Hmm. Correction: I know G. Love is high.

"This is what we do, man. We just play this good music, and it's just like the flow to the songs and everything."

Actually, maybe I'm high, 'cause right about now, Electric Mile, the new G. Love & Special Sauce album--what do I call him? G.? Mr. Love? Garrett?--is sounding real, real good. Their fifth record, it's a typically low-slung brew of primordial blues lurch, old-school hip-hop swagger and freewheeling improv-based vim. If you're having trouble conjuring what I'm describing, you no doubt remember "Cold Beverage," the 1994 hit from G.'s self-titled debut album--the one where G. sang in his lovably mush-mouthed drawl about all manner of, well, cold beverages and how much he loved them. Though the song became a frat-boy staple--sort of the wet bar "Rock and Roll Part 1"--its success drew some deserved attention to Garrett Dutton and his little band from Philadelphia, and the improbably terrific little noise they make--a noise that transcends time and space and taste to yield what G. calls their "American music."

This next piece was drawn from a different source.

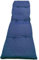 Genérico Cojín para tumbonas. Medidas 180 x 55 x 8 cm. Colchoneta para Silla y Tumbona de Playa, Piscina, jardín (Liso Azul)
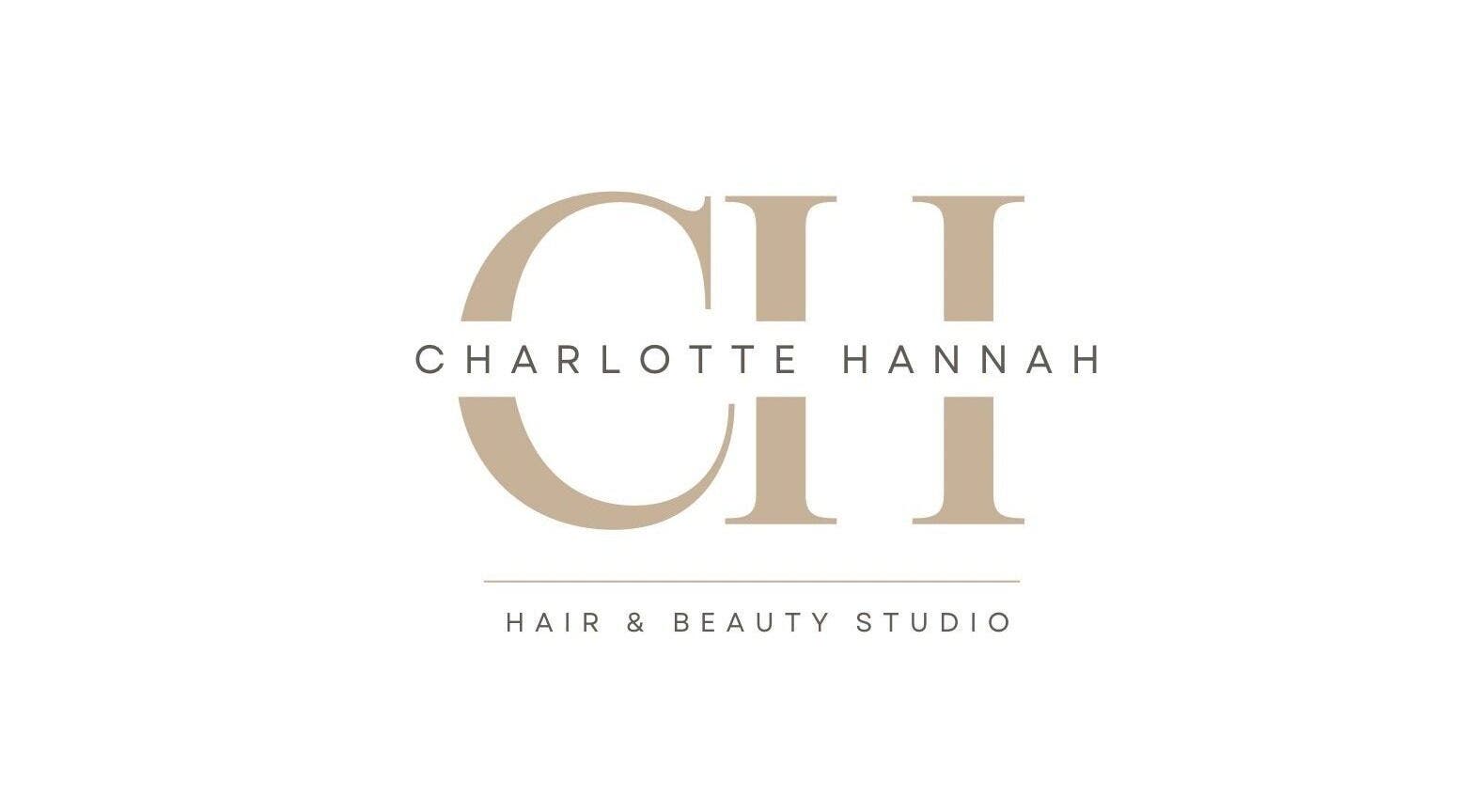 Charlotte Hannah Hair and Beauty logo showcasing elegance in Somersham, England, GB.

I'd pretty much forgotten about that music after "Cold Beverage" ran dry, and MTV and radio and press decided G. was a novelty better suited to the post-alt-rock free-for-all that was that little sliver of the mid-'90s (Squirrel Nut Zippers, anyone?) than to the marketing-led millennial countdown that soon squashed it. But a funny thing happened on G. Love's way to the cutout bin (where, even so, you can today find the three records he made between the first one and the new one): He mounted the kind of crossover coup Weezer accidentally pulled after Pinkerton failed to score with the "Buddy Holly" set, touring ceaselessly and finding a niche on the jam-band circuit, including a crucial stint on the H.O.R.D.E. tour, where bandanna-wearing peaceniks who still appreciated chilled drinks took a liking to G.'s bluesy booze--and where he could, no doubt, get high with a great deal of help from his friends.

"It's just been like a slow build--slow and always steady," G. says on the phone from Cincinnati, where's he playing a show in support of Electric Mile. "It's like more and more people keep finding out about us every day. It's actually pretty hype, because now we have five records out, so people just keep finding out about all the different music we have every day, you know?" He takes what I can only imagine to be a particularly effective drag from what I can only imagine to be a particularly humongous joint. "It's like we're brand-new to some people, and for some people we've been around for a while."

Oh, OK, now it makes perfect sense.

"We just wanna keep growing and changing our style and emphasis," G. continues, "whether that's playing a certain region a lot or putting out different kinds of records or just always trying to maintain the core of who we are and the kind of music that we play." Another drag. "As far as touring, over the last couple of years especially, we've really tried to blanket the U.S. to play all the little towns we haven't got to yet. It takes a long time to hit every city in the U.S., you know?"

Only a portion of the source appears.